There was another notable difference, besides insurance coverage, between the children labelled “obese” and targeted for heightened testing and those who weren’t. Boys in the upper 5th percentile of BMIs were about half as likely as girls to be labelled as “obese.” This confirms other studies which have found that parents and healthcare providers show greater concern for fatness in adolescent girls than in teen boys, despite the fact that as girls approach puberty, it’s normal and healthy to gain up to 20-30% of body weight in fat as their bodies ready for menstruation and the ability to bear children.
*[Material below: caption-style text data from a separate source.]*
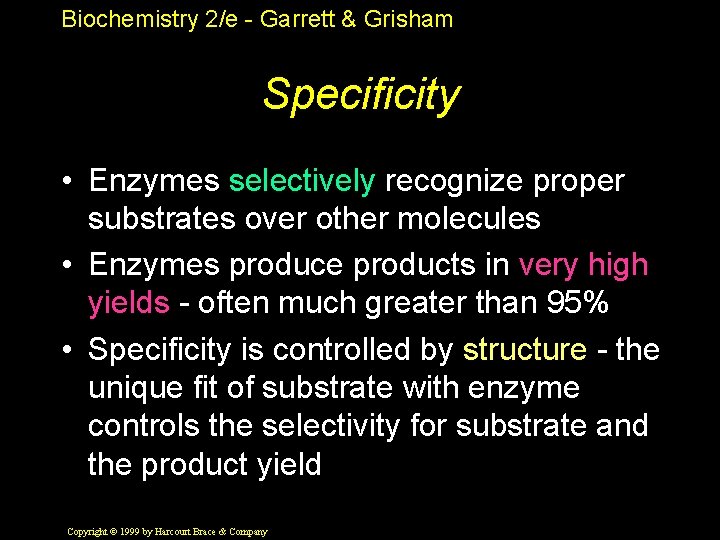 Biochemistry 2/e - Garrett & Grisham Specificity • Enzymes selectively recognize proper substrates over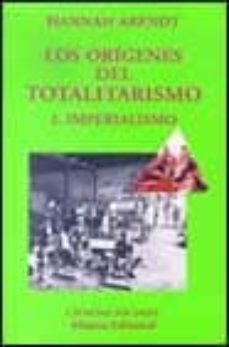los origenes del totalitarismo ii: imperialismo-9788420679624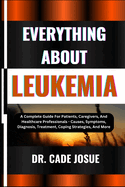 Everything about Leukemia: A Complete Guide For Patients, Caregivers, And Healthcare Professionals - Causes, Symptoms, Diagnosis, Treatment, Coping Strategies, And More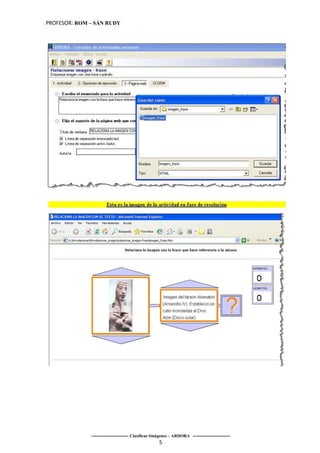PROFESOR: ROM – SÁN RUDY




              ----------------------- Clasificar-Imágenes – ARDORA -----------------------
                                                   5
 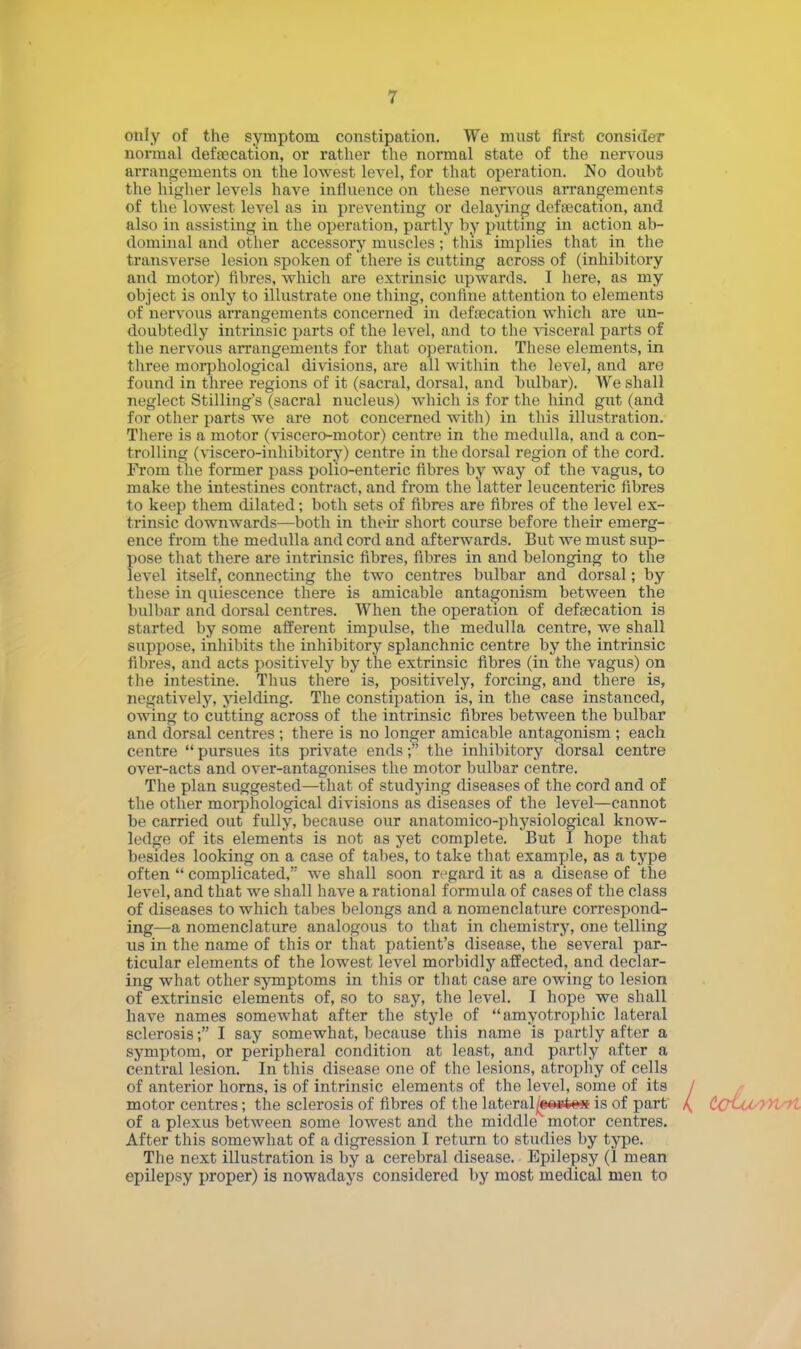 only of the symptom constipation. We must first consider normal defalcation, or rather the normal state of the nervous arrangements on the lowest level, for that operation. No doubt the higher levels have influence on these nervous arrangements of the lowest level as in preventing or delaying defsecation, and also in assisting in the operation, partly by putting in action ab- dominal and other accessory muscles; this implies that in the transverse lesion spoken of there is cutting across of (inhibitory and motor) fibres, which are extrinsic upwards. I here, as my object is only to illustrate one thing, confine attention to elements of nervous arrangements concerned in defecation which are un- doubtedly intrinsic parts of the level, and to the visceral parts of the nervous arrangements for that operation. These elements, in three morphological divisions, are all within the level, and are found in three regions of it (sacral, dorsal, and bulbar). We shall neglect Stilling's (sacral nucleus) which is for the hind gut (and for other parts we are not concerned with) in this illustration. There is a motor (viscero-motor) centre in the medulla, and a con- trolling (viscero-inhibitory) centre in the dorsal region of the cord. From the former pass polio-enteric fibres by way of the vagus, to make the intestines contract, and from the latter leucenteric fibres to keep them dilated; both sets of fibres are fibres of the level ex- trinsic downwards—both in their short course before their emerg- ence from the medulla and cord and afterwards. But we must sup- pose that there are intrinsic fibres, fibres in and belonging to the level itself, connecting the two centres bulbar and dorsal; by these in quiescence there is amicable antagonism between the bulbar and dorsal centres. When the operation of deftecation is started by some afferent impulse, the medulla centre, we shall suppose, inhibits the inhibitory splanchnic centre by the intrinsic fibres, and acts positively by the extrinsic fibres (in the vagus) on the intestine. Thus there is, positively, forcing, and there is, negatively, yielding. The constipation is, in the case instanced, owing to cutting across of the intrinsic fibres between the bulbar and dorsal centres; there is no longer amicable antagonism ; each centre pursues its private ends; the inhibitory dorsal centre over-acts and over-antagonises the motor bulbar centre. The plan suggested—that of studying diseases of the cord and of the other morphological divisions as diseases of the level—cannot be carried out fully, because our anatomico-physiological know- ledge of its elements is not as yet complete. But I hope that besides looking on a case of tabes, to take that example, as a type often complicated, we shall soon regard it as a disease of the level, and that we shall have a rational formula of cases of the class of diseases to which tabes belongs and a nomenclature correspond- ing—a nomenclature analogous to that in chemistry, one telling us in the name of this or that patient's disease, the several par- ticular elements of the lowest level morbidly affected, and declar- ing what other symptoms in this or that case are owing to lesion of extrinsic elements of, so to say, the level. I hope we shall have names somewhat after the style of amyotrophic lateral sclerosis; I say somewhat, because this name is partly after a symptom, or peripheral condition at least, and partly after a central lesion. In this disease one of the lesions, atrophy of cells of anterior horns, is of intrinsic elements of the level, some of its of a plexus between some lowest and the middle motor centres. After this somewhat of a digression I return to studies by type. The next illustration is by a cerebral disease. Epilepsy (1 mean epilepsy proper) is nowadays considered by most medical men to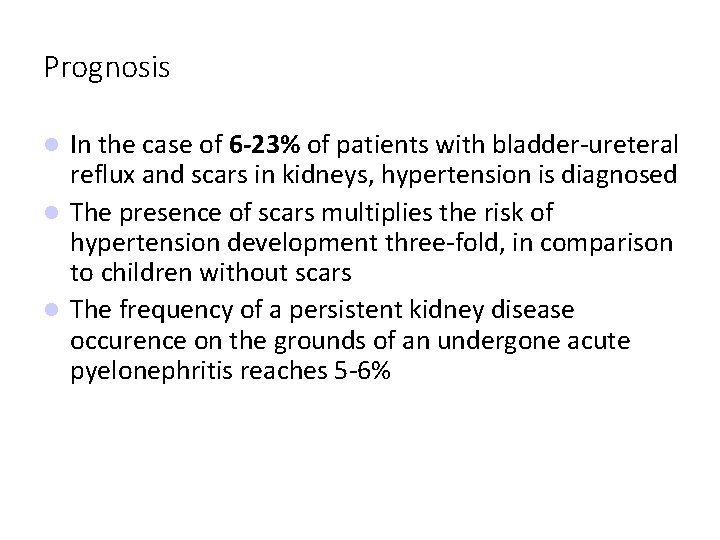 Prognosis In the case of 6 -23% of patients with bladder-ureteral reflux and scars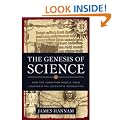 [The Genesis of Science: How the Christian Middle Ages Launched the Scientific Revolution]The Genesis of Science: How the Christian Middle Ages Launched the Scientific Revolution BY Hannam, James(Author)Hardcover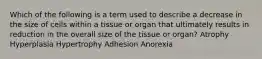 Which of the following is a term used to describe a decrease in the size of cells within a tissue or organ that ultimately results in reduction in the overall size of the tissue or organ? Atrophy Hyperplasia Hypertrophy Adhesion Anorexia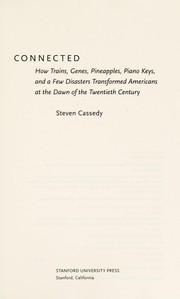 Connected : how trains, genes, pineapples, piano keys, and a few disasters transformed Americans at the dawn of the twentieth century /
A related study in the journal Pediatrics by Chicago pediatricians, also released this week, surveyed a diverse population of children from 13 pediatric practices. Among the fat children, those labelled on their charts as being “overweight” (in the upper 5th percentile of BMI) were 54% more likely than the other fat children to receive screening evaluations for “obesity-related” comorbidities.

So, we have fatter children being labelled and subjected to more laboratory tests, despite no evidence for the efficacy of such screenings. Then, the costs of those tests are used to blame fat children for raising health costs!

P.S. You may have noticed that the words “obese” and “overweight” are being used differently in the two studies this week. That’s because an insidious change of definition is afoot to double the numbers of children labelled as “too fat” and in need of intervention. More about that later!